# WORK TASK
Copy out each line of the data that holds the word "image".

# PROVIDED DATA
---+---

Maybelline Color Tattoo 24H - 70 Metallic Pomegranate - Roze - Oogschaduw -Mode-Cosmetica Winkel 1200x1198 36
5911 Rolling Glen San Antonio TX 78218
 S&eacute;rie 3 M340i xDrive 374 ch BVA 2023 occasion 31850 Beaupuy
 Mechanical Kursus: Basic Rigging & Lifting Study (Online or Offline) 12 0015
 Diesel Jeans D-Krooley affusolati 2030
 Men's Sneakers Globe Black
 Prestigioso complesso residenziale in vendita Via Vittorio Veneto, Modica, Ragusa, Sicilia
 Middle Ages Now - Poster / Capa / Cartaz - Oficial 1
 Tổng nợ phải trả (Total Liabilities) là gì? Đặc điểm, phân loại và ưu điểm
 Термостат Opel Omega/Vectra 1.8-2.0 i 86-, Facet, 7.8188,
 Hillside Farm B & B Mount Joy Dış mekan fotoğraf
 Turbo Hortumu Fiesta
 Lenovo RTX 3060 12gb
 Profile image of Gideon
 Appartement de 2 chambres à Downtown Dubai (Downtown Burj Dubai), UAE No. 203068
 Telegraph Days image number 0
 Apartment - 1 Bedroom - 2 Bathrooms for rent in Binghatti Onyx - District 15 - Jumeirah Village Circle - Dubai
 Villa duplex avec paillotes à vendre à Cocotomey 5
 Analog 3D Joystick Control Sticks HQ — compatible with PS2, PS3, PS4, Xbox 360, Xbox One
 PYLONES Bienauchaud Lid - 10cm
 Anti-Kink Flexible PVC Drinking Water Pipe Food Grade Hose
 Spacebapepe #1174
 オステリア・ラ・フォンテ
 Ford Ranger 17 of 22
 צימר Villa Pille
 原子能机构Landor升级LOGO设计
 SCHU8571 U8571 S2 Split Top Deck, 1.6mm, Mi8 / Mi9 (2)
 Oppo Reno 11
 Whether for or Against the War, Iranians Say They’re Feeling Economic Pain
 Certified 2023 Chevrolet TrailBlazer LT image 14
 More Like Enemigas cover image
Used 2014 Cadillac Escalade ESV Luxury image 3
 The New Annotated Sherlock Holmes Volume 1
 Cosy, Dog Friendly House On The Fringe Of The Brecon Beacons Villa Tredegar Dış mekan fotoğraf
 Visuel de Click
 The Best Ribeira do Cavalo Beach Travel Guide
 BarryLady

---+---

# ANSWER TO THE PROBLEM
 Profile image of Gideon
 Telegraph Days image number 0
 Certified 2023 Chevrolet TrailBlazer LT image 14
 More Like Enemigas cover image
Used 2014 Cadillac Escalade ESV Luxury image 3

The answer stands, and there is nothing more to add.